Manuela Ferreira Leite, mais uma vez, revelou que vive noutro planeta político, secundada por Aguiar Branco: querer transformar mais uma manobra de enojante ataque soez a José Sócrates numa demonstração do clima de medo que o PS (pasme-se!) teria imposto em Portugal...
Há quatro anos foi a acusação de homossexualidade de José Sócrates.
Agora a acusação das escutas do Governo à Presidência da República.
Até domingo, o que conseguirão ainda inventar?
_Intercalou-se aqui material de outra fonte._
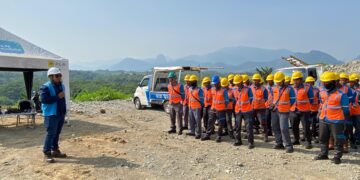 PLN UP3 Gunung Putri Gelar Aksi KAMISIGAP, Akselerasikan Keandalan Jaringan di Wilayah Jonggol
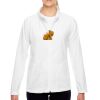 Ladies' Campus Microfleece Jacket Thumbnail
sábado, 19 de setembro de 2009

Ei-la, a Politica de Verdade

Um assessor de sempre do Presidente da República é acusado de fabricar uma notícia visando prejudicar, a poucos meses das eleições, o líder do partido adversário daquele a que sempre pertenceu, o mesmo do Presidente da República.
Por acaso esse líder que se visa atingir é José Sócrates.
Por acaso o director do Público, que se conhece como destilando um ódio visceral a Sócrates, intervem na história; não contente, ainda lança o libelo de um complot, sem que nele intervenha, da autoria dos serviços de informação, quando deveria afastar-se definitivamente de qualquer intervenção em meios de comunicação social.
O Presidente da República não demite o inventor visado na investigação do Diário de Notícias e, ao contrário do que fez nas alturas menos adequadas, mais inauditas, está "quedo e mudo". Não há comunicação ao país, claro, porque existem eleições daqui a 9 dias
Não demite nem se demite.
Como no caso de Dias Loureiro.
Por acaso a líder do PSD é a única pessoa do país que não conhece a notícia.
Nem sequer a que implica um amigo pessoal, por ela imposto à Distrital de Lisboa do PSD, contra tudo e contra todos, acusado por militantes do próprio partido de comprar votos.
Viva a "Política de Verdade" de algumas destas personagens!